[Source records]
+--

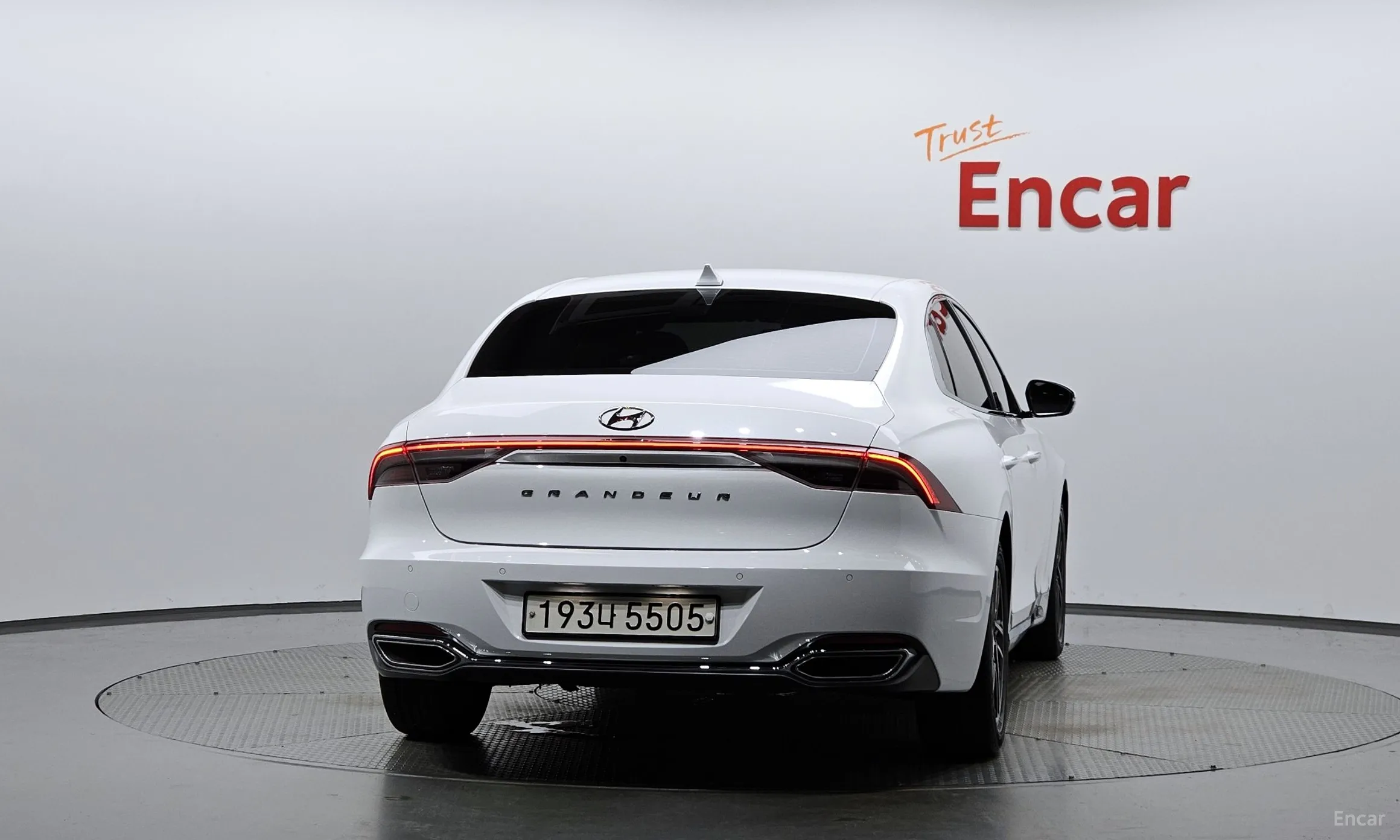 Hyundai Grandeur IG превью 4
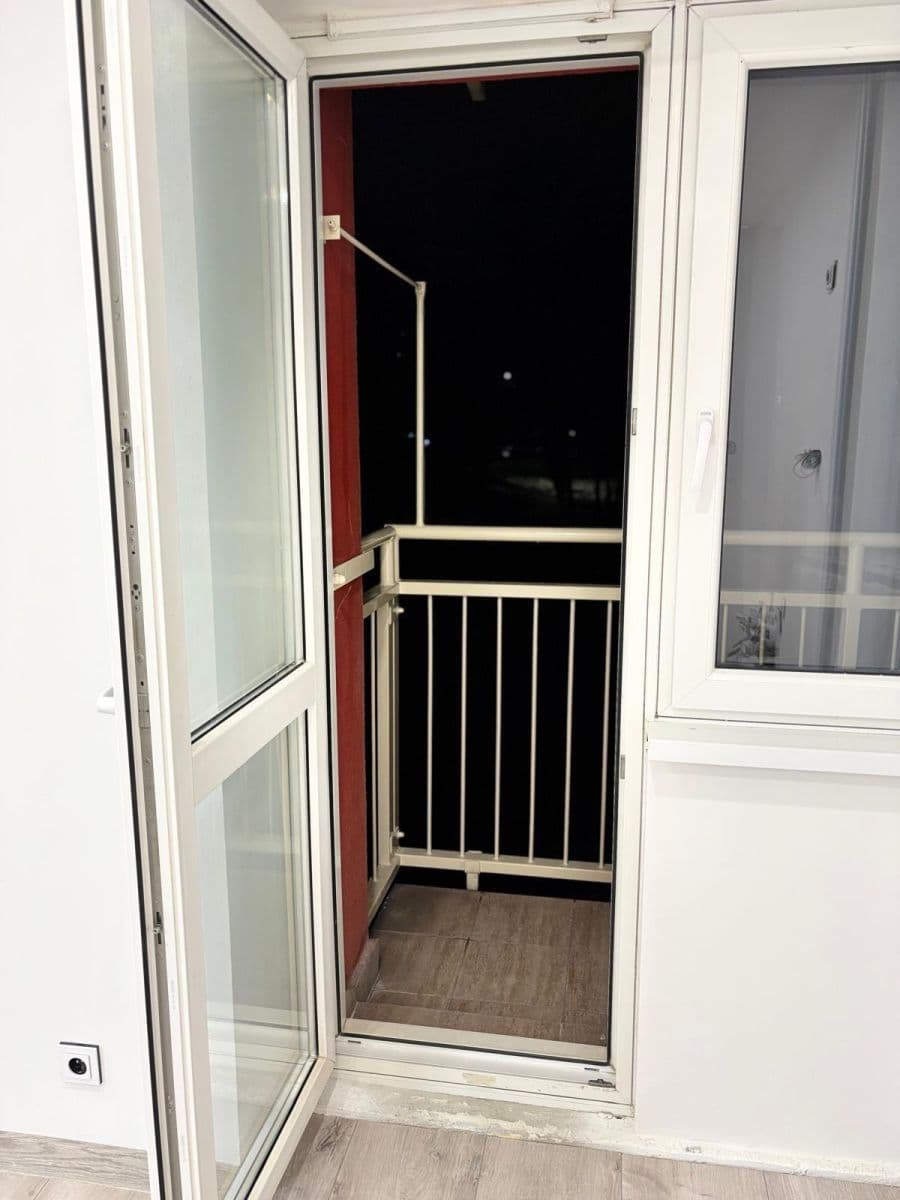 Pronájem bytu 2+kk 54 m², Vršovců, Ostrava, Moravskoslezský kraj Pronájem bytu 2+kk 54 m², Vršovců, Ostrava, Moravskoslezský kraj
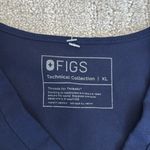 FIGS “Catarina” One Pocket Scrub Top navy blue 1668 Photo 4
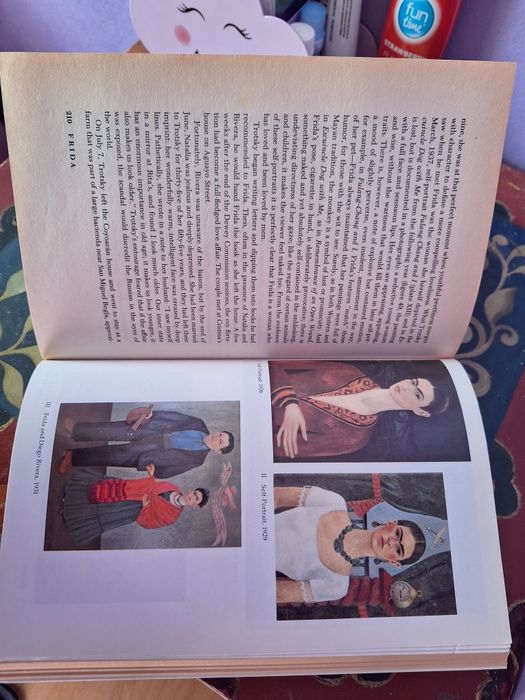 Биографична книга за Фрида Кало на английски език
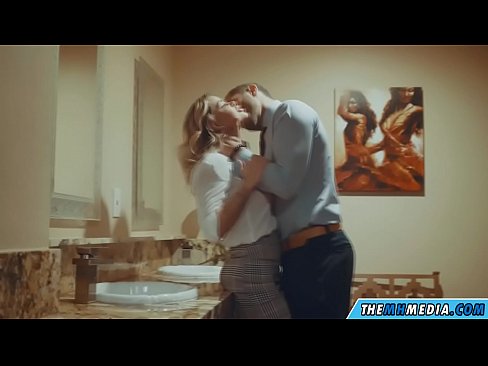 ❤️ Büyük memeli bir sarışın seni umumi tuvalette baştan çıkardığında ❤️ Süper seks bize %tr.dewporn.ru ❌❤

+--

◆ **WHAT YOU HAVE TO DO**:
The data above must be written out again word for word, without its pictures.

◆ **PROBLEM SOLUTION**:
 Hyundai Grandeur IG превью 4
 Pronájem bytu 2+kk 54 m², Vršovců, Ostrava, Moravskoslezský kraj Pronájem bytu 2+kk 54 m², Vršovců, Ostrava, Moravskoslezský kraj
 FIGS “Catarina” One Pocket Scrub Top navy blue 1668 Photo 4
 Биографична книга за Фрида Кало на английски език
 ❤️ Büyük memeli bir sarışın seni umumi tuvalette baştan çıkardığında ❤️ Süper seks bize %tr.dewporn.ru ❌❤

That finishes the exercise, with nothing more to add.